## To do
Reproduce the following records exactly from the line containing "HINWEIS: GESICHTER UND" onward, ending with the last line and including it.

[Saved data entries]
···

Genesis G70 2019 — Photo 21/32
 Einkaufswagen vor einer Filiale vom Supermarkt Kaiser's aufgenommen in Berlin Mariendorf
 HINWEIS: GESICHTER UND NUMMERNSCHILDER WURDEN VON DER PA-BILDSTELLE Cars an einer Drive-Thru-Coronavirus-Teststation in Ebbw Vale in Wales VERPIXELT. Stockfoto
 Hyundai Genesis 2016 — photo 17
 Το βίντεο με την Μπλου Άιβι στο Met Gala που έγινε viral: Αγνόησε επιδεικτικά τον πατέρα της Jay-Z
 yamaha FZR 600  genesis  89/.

···

## Final answer
 HINWEIS: GESICHTER UND NUMMERNSCHILDER WURDEN VON DER PA-BILDSTELLE Cars an einer Drive-Thru-Coronavirus-Teststation in Ebbw Vale in Wales VERPIXELT. Stockfoto
 Hyundai Genesis 2016 — photo 17
 Το βίντεο με την Μπλου Άιβι στο Met Gala που έγινε viral: Αγνόησε επιδεικτικά τον πατέρα της Jay-Z
 yamaha FZR 600  genesis  89/.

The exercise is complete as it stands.